We then initialize the table using nested for loops. Note that these iterate from 0 to the lengths of the words, as we need an an extra row and an extra column at the beginning. Most of the array elements are set to 0 except the first row and first column which are set to 0, 1, 2 etc, ie. their indexes. After the loop we return the object, which now contains a table looking like the one in the first output above.
levenshteinCalculate
We firstly declare the three costs as consts, and then calculate the values by iterating the rows (letters of the source) and the columns (letters of the target). The three costs are calculated as described above. Note we only add in the substitution cost if the corresponding letters are different.
Each value is set to the lowest of the three costs using the min function which returns the lowest of three integers. Note that as we have an extra row and column at the beginning we need to add 1 to the word indexes to set the grid values.
levensgteinPrintGrid
This function takes an object as created and populated by the previous functions. It firstly prints out the target and then iterates the rows, printing out each source letter and then the values, all nicely spaced out for clarity.
levenshteinPrintCost
Here we simply print out the bottom-right value with a suitable bit of text.
Using the Code
That's the main coding done so we just need to demonstrate it in a web page.
levenshteinpage.js
window.onload = function() { document.getElementById('go').onclick = ()=>go(); }; function go() { const firstword = document.getElementById('firstword').value; const secondword = document.getElementById('secondword').value; const lev = levenshteinCreate(firstword, secondword); levenshteinCalculate(lev); levenshteinPrintGrid(lev); levenshteinPrintCost(lev); }
window.onload
The HTML page has two text inputs and a button to allow the user to enter the two strings to run the algorithm on. Here we just need to set the button's onclick event handler.
go
Firstly we pick up the two values entered by the user. For a production application we would validate the input but as this is just a demo I have not done so.
Then we set a variable to the return values of levenshteinCreate. We then call levenshteinCalculate and the two print functions.
Seeing the Result
The code is now finished so open levenshteinworddistance.htm in your browser, uncommenting one of the three lines in onload at a time.
I have already included the banama/banana output above so won't repeat it here. The word distance there was 1, so banana easily qualifies as a sensible suggestion if somebody mis-types banama.
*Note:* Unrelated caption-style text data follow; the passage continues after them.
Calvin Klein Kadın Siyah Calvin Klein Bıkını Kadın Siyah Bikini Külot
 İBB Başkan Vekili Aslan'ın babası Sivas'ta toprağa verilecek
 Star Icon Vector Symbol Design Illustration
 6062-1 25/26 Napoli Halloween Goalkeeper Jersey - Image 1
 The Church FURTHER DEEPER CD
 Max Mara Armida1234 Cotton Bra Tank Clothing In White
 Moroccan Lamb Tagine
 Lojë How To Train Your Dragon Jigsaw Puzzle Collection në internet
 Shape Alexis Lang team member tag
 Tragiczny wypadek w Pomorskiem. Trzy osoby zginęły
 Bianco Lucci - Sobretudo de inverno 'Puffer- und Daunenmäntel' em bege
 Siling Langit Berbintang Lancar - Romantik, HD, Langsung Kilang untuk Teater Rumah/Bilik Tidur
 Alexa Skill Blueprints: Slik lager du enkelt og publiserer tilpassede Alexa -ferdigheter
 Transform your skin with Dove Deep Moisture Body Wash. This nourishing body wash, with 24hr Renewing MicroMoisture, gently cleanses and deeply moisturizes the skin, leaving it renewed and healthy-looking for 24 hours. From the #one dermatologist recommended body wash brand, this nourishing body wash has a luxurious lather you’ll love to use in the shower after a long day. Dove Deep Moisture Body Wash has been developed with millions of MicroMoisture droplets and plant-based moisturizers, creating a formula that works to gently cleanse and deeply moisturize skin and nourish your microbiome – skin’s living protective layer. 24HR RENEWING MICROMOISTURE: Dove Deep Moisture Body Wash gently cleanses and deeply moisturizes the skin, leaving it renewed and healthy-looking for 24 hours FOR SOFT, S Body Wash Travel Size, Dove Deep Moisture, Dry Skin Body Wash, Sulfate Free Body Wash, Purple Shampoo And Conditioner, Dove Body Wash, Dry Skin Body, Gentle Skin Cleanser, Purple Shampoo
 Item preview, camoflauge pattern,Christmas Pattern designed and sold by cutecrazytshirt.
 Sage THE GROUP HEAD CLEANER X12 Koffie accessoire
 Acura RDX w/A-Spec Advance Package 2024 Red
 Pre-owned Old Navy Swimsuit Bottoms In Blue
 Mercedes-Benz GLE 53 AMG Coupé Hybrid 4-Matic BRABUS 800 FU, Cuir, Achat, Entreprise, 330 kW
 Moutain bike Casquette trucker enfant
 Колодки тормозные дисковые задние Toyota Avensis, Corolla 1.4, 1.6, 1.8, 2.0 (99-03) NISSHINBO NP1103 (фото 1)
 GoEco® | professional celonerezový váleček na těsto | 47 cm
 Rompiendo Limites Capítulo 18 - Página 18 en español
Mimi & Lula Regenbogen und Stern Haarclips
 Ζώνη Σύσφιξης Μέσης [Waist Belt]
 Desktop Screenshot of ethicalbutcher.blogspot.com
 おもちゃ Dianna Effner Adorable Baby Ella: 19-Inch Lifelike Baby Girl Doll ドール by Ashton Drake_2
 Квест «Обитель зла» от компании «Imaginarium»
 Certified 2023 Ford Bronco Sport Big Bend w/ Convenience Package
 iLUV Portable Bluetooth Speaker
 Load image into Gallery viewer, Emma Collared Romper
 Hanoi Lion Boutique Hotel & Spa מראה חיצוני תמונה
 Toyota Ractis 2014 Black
However, if you typed banama you wouldn't expect your word processor to suggest elephant, so let's try those two words.
The word distance here is 7 as banama needs to be almost completely re-typed to get to elephant. Clearly not a valid alternative.
Finally levinstein/levenshtein. One substitution and one insertion give us a word distance of 2, also a sensible suggestion. You would probably consider word distances of 2 or perhaps 3 to be reasonable for alternative suggestions, but no more.